Midwest Hotel once served working-class travelers


Photo by Mike Sinclair.

(The Midtown KC Post is profiling the buildings on the Historic Kansas City Foundation’s Most Endangered List for 2013. More about our series of stories.)

The Midwest Hotel at 20th and Main – its decades of service to  working class travelers all but forgotten – now sits vacant and deteriorated.

The five-story terra-cotta building built in 1915 sold at a foreclosure sale this year.

It has been on the National Register since 2004 as part of the Working Class and Mid-Priced Hotel district that also includes the Rieger Hotel and Hotel Monroe.

The application for historic designation tells its history:

The noted Kansas City architecture firm of Smith, Rea and Lovitt designed the 75-room, fireproof hotel of reinforced concrete built for an estimated $50,000.

It is within walking distance of Union Station, and among its long term clients were traveling salesmen who used it as a base of operations.

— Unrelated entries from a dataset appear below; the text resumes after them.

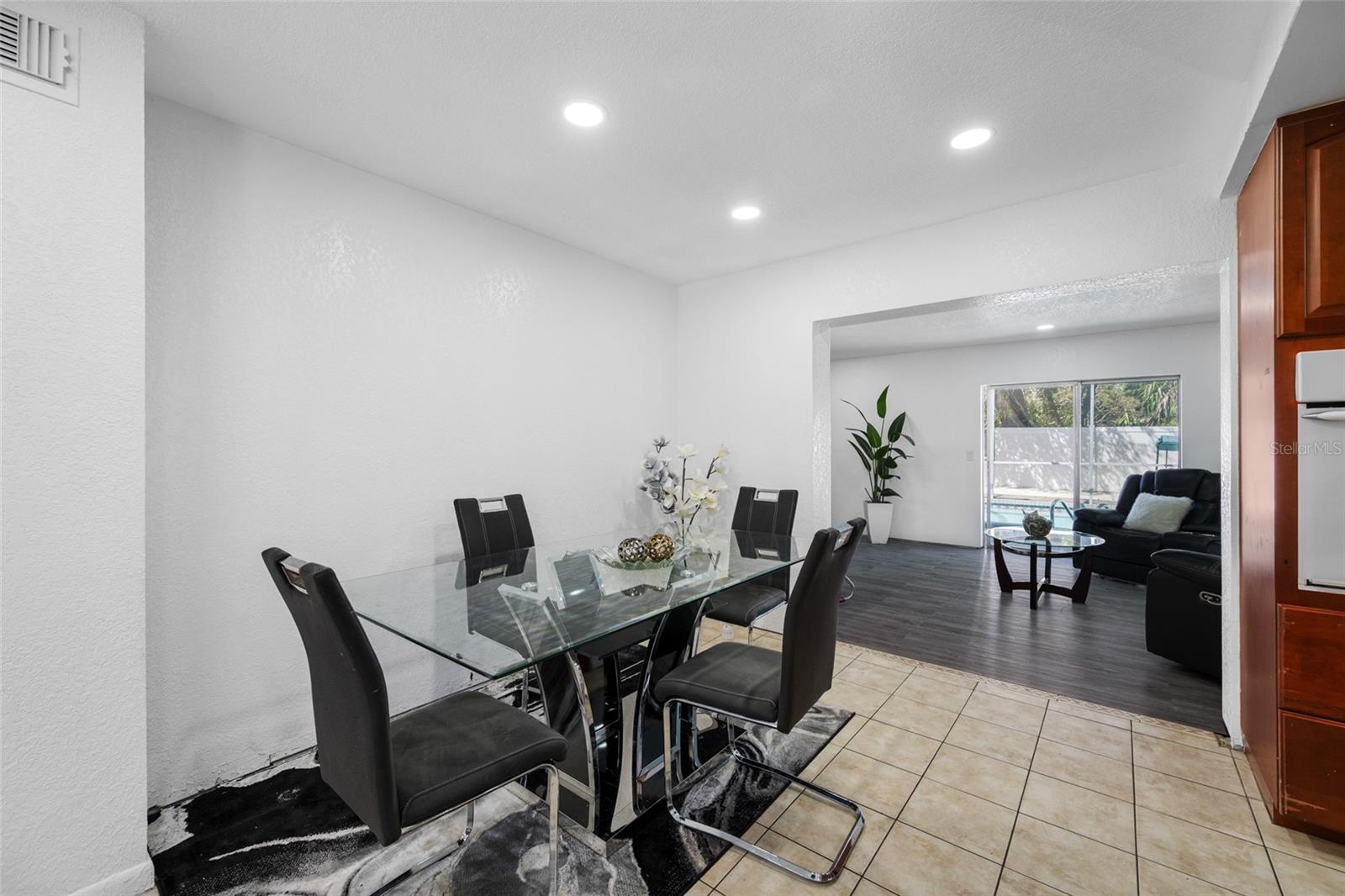 Image 12 of 84 For 7607 Hanna Avenue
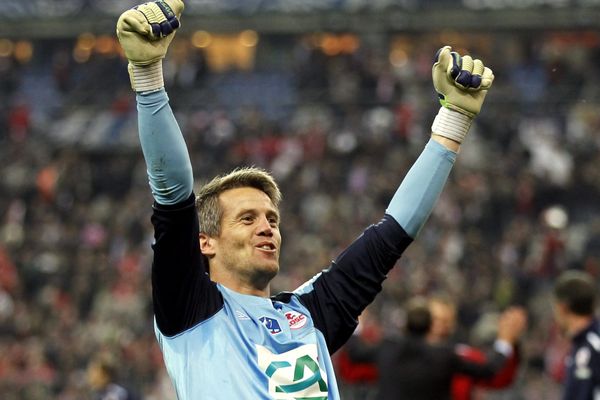 Mickaël Landreau lors de la victoire du LOSC en Coupe de France en 2011 face au PSG.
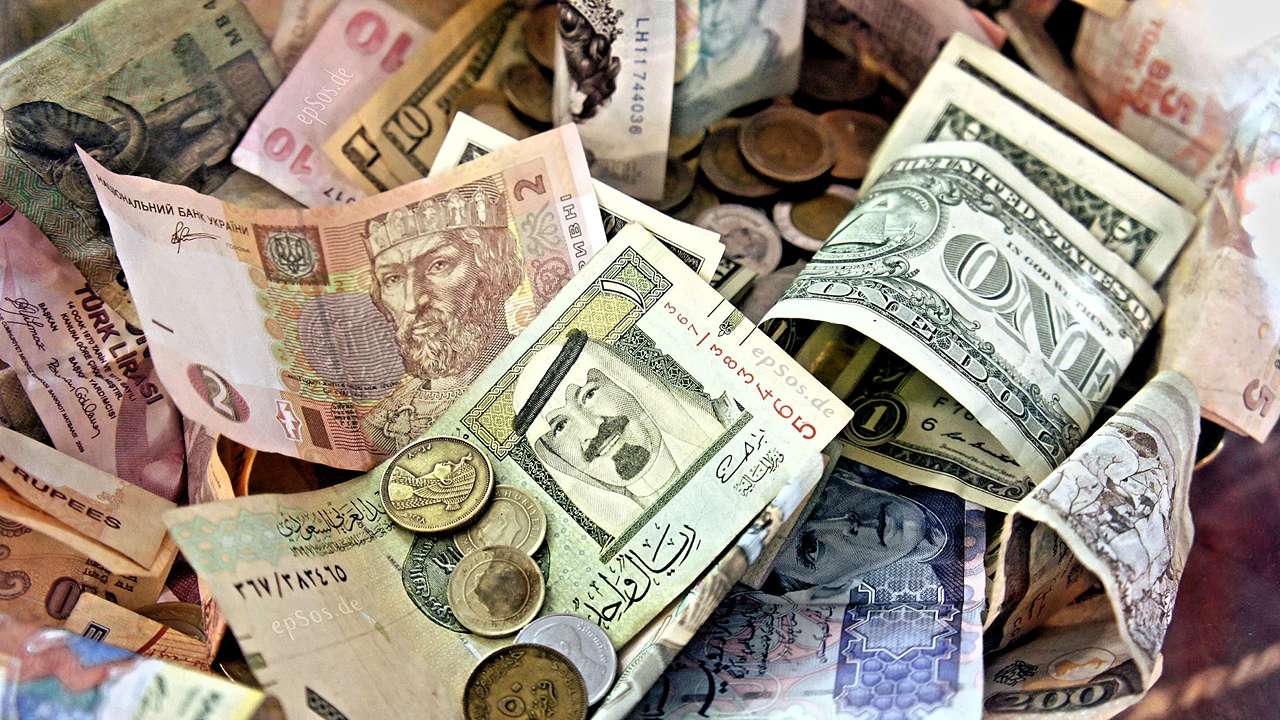 قفزة مفاجئة| تحديث جديد لـ سعر الريال السعودي مقابل الجنيه والدولار والعملات اليوم الإثنين 12-8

Joseph Harris owned it until January 1943, when Stella Parke purchased it and got into a dispute with war department officials. They took it over as a headquarters for military police, who were then bivouacked in Penn Valley Park.

Parke got it back in 1946 and it remained a hotel until it closed in 2005.

In 2003, Jackson County prosecutors alleged drug dealers and prostitutes made the place a public nuisance and sued in an attempt to force its sale.

In 2008, its owners tried to do a redevelopment involving the adjoining Hereford House and two other properties, but the Hereford House burned and the effort failed.

Historic Kansas City Foundation reports that the building has recently drawn interest from local developers, but its layout and deterioration make reuse difficult.

“Demolition for new construction is likely,” the foundation reports.